Thursday, April 5, 2012

maundy

Today, Maundy Thursday, is one of my favorite days of the religious calendar. Jesus is/becomes so human in his final hours, and, unlike the making of miracles or the damn near illogical parables, I can empathize with him. He is sad, scared, sure.

My grandmother and I went to Village Chapel of Bald Head Island for their service today, which was tenebrae.

We started with:

Celebrant: God is light, in whom there is no darkness at all.
People: Jesus Christ is the light of the world.
Celebrant: And this is the judgment that the light has come into the world.
People: And we loved darkness rather than light.

Then, John's account of The Passion was read, broken into 16 sections, extinguishing candles after each.

At the end of the service, we sat in darkness. (Well, we sat in the cloudiness of an impending thunderstorm, overlooking a marsh untouched by man.)

And I kept reading "And we loved darkness rather than light."

How many times in our lives do we choose darkness, whatever our darkness is, instead of our light? Do we love it? Crave it? Not know how to give it up, like our other Lenten sacrifice(s)?

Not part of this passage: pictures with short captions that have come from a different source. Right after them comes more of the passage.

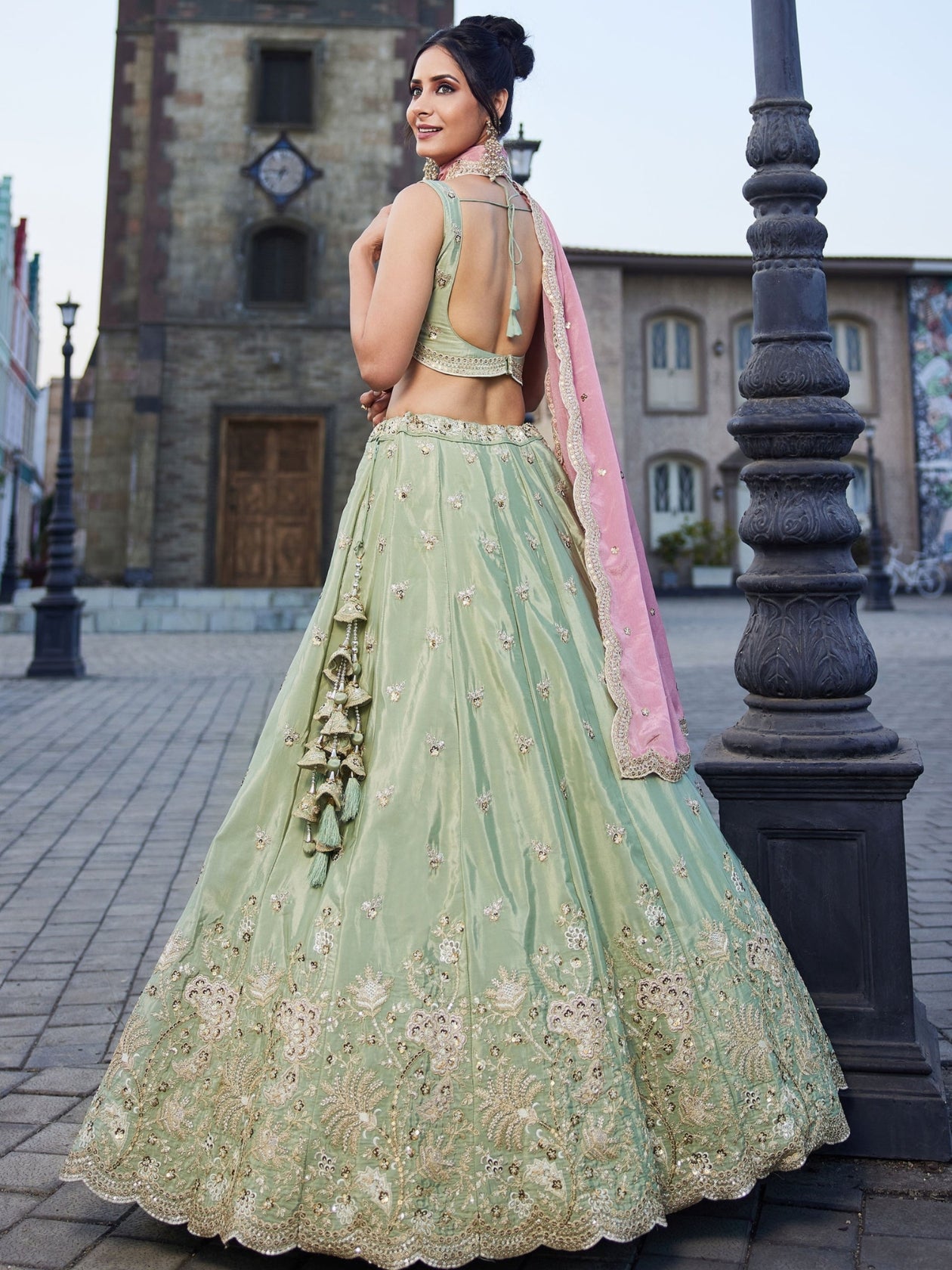 LUXURY PISTA GREEN ART SILK LEHENGA SET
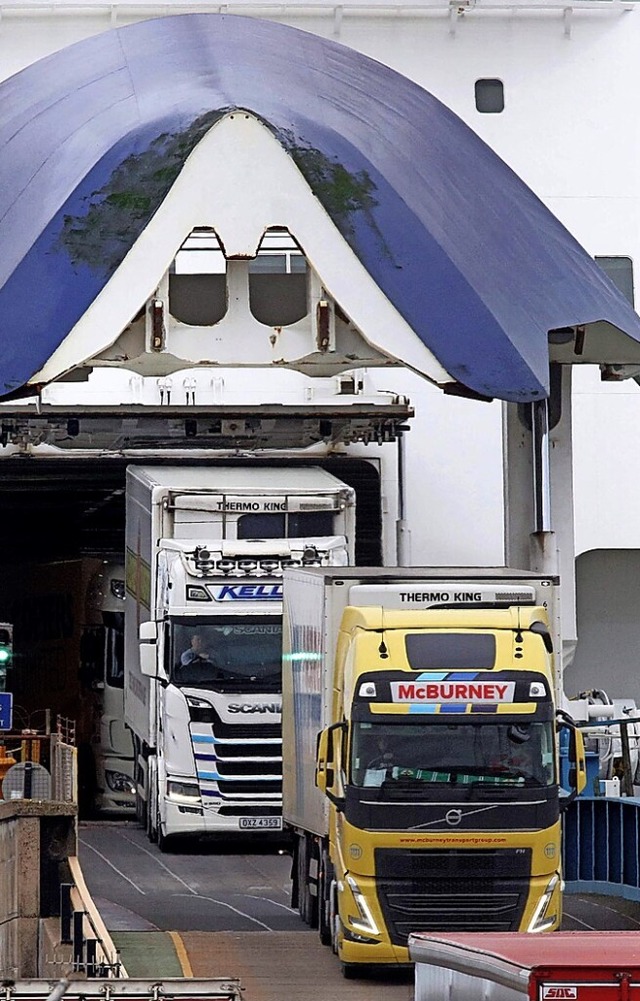 Lkw bei der Ankunft in Nordirland  | Foto: PAUL FAITH (AFP)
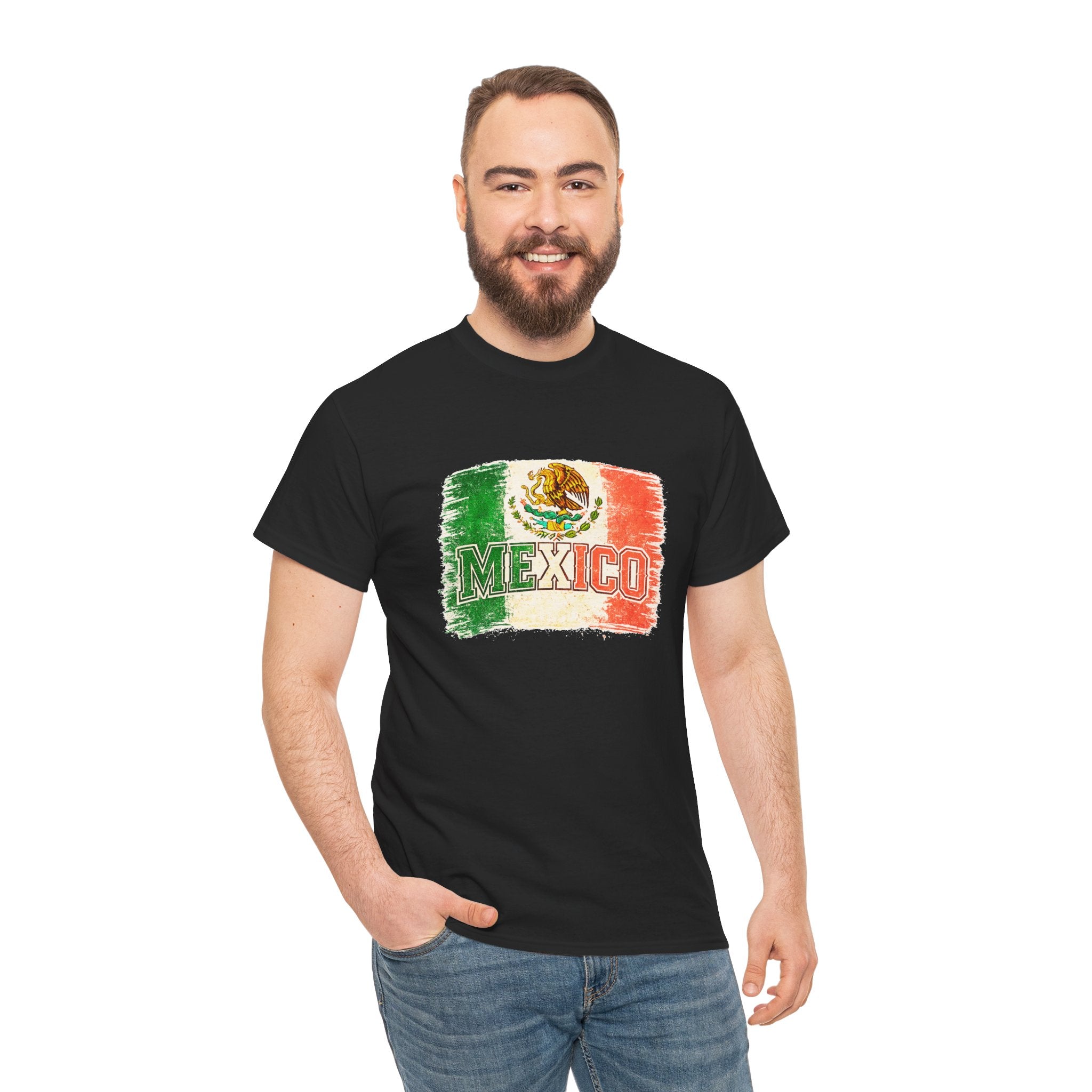 Mexico Flag Vintage T-Shirt — Distressed Mexican Emblem Tee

And if we could learn to love light, how much better would we be, as individuals and as a group?

*

"Maundy" comes from the Latin "mundatum," which means "command." Jesus commands his disciples to love one another after he washes their feet. It is his final request of them.
I give you a new commandment: Love one another as I have loved you. By this shall the world know that you are my disciples: That you have love for one another.
Let us love light. Let us recognize each other's light. Let us love each other.